Micro-Service Request Depth Availability
Micro-Service Request Depth Availability
In systems that use micro-services, often the growth and interaction of the services grow organically over time. While it is enabling teams to move quickly and integrate whatever they need it leads to some known bad patterns in terms of micro-service interactions that have serious impacts on availability. This post explains two of micro-service integration anti-patterns calling them “The Mesh” (I prefer Distributed Monolith) and “Services in Depth”. In both, the issue is a single request into your system can fan out to many individual services both in breadth and depth. Most micro-service systems I have seen have a mix of both fan-outs in-breadth and deep lines of service depths in some cases.
Understand the Implecations of Deep Service Call Depth
Let’s consider service depth, as the simpler version of the problem to reason about. When a team is investing going micro-services some breath and depth calls are to be expected but understanding what it means and how to consider the impacts in the designing of the system. Below we will consider that each application has an aggregate request availability of 99.9%.
What does the request success rate look like for a request with 6 micro-service call depth?
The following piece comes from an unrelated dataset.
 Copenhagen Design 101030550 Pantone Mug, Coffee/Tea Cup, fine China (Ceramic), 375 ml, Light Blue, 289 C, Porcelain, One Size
> (0.999) * 100 => 99.9 > (0.999 * 0.999) * 100 => 99.8001 > (0.999 * 0.999 * 0.999) * 100 => 99.7002999 > (0.999 * 0.999 * 0.999 * 0.999) * 100 => 99.6005996001 > (0.999 * 0.999 * 0.999 * 0.999 * 0.999) * 100 => 99.5009990004999 > (0.999 * 0.999 * 0.999 * 0.999 * 0.999 * 0.999) * 100 => 99.4014980014994
Assuming each service has an aggregate availability of 99.9%, A service call depth of 6 has a request availability of %99.4
This is likely a lot lower than teams expected. Also, often depending on your infrastructure it is a lot easier to stack up to six network calls than you may think. Also, while I am not covering the impact to latency in this post, understand it will have a large and negative impact on latency for a deep request call stack.
Visualizing The Request Failure Rate
A nice way to think about the combined success rate is by thinking of each network hop as having a small opportunity for failure. These failure threads peel off as requests navigate the micro-service call stack. As the complexity of the network communications increases and the call depth deepens, the likelihood of failure increases as well. This would include things like your load balancer, DBs, App servers, and application caches.
Each network hop is an opportunity for failure, in the above showing 7 failure opportunities
Request Depth Failure Trends
Another way to visualize this is just a simple bar chart showing a decline of expected availability as service depth grows.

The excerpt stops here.